_HOW TO COMPLETE THIS TASK_.
Only one stretch of the data should be retyped: the lines from the line containing "5932 Johnson Pond" through the line containing "Stack of gold". Keep pictures out of it.

_GIVEN DATA_.
- - - - -

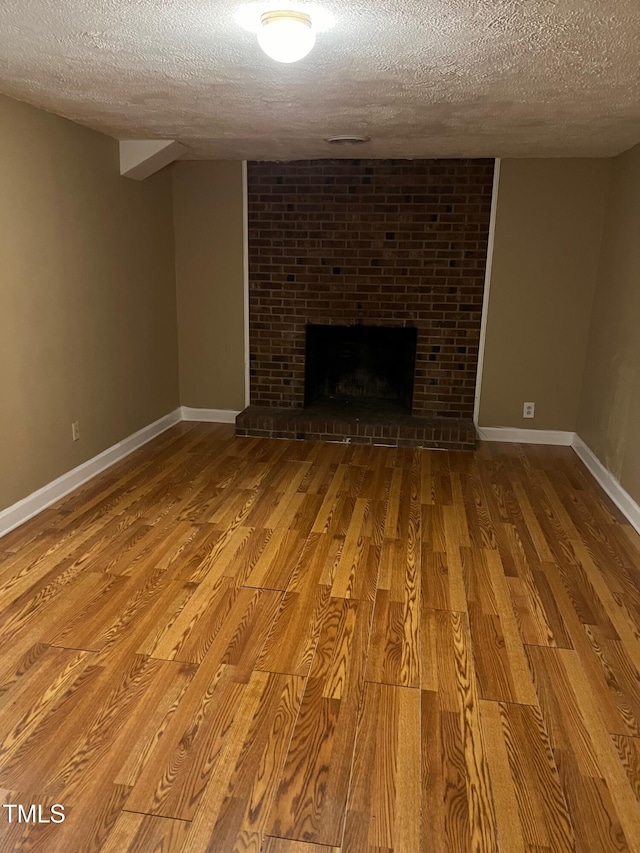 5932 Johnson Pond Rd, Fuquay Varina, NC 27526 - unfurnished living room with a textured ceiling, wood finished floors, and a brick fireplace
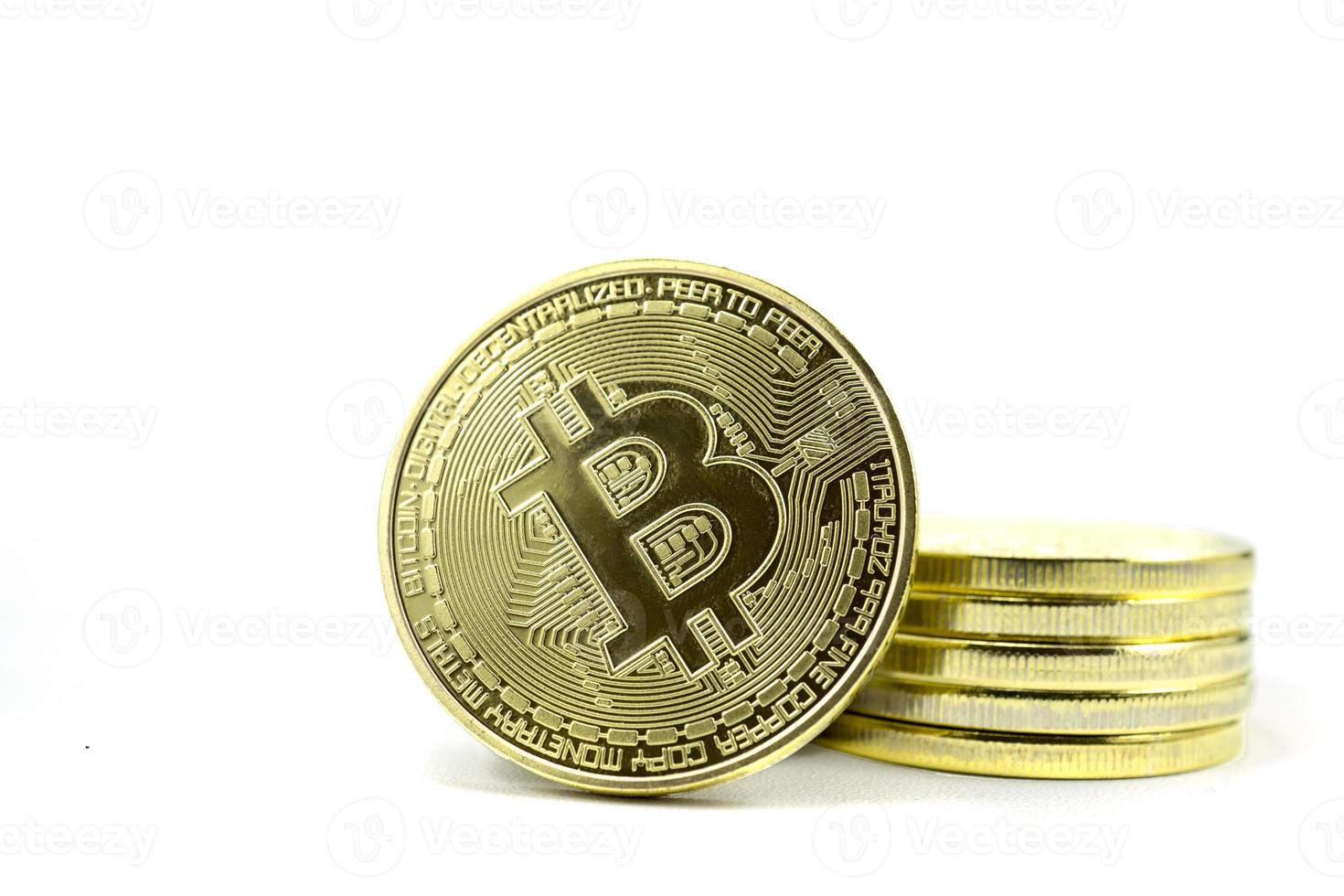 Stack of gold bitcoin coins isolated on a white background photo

- - - - -

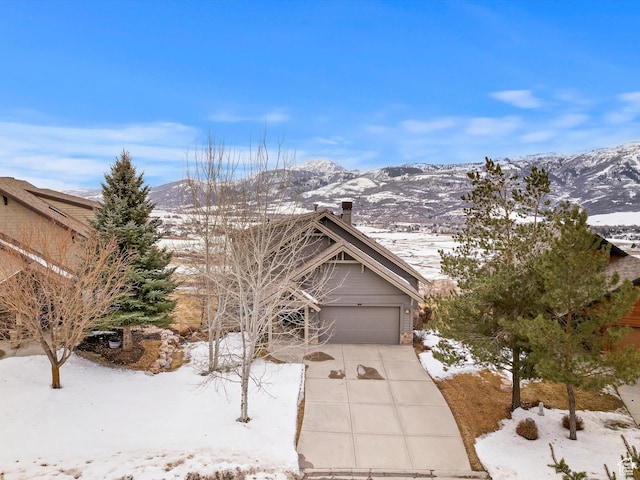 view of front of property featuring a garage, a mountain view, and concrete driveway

- - - - -

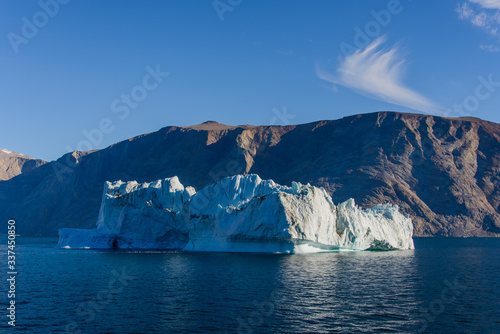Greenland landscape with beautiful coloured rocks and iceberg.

- - - - -

_THE COMPLETED TASK_.
 5932 Johnson Pond Rd, Fuquay Varina, NC 27526 - unfurnished living room with a textured ceiling, wood finished floors, and a brick fireplace
 Stack of gold bitcoin coins isolated on a white background photo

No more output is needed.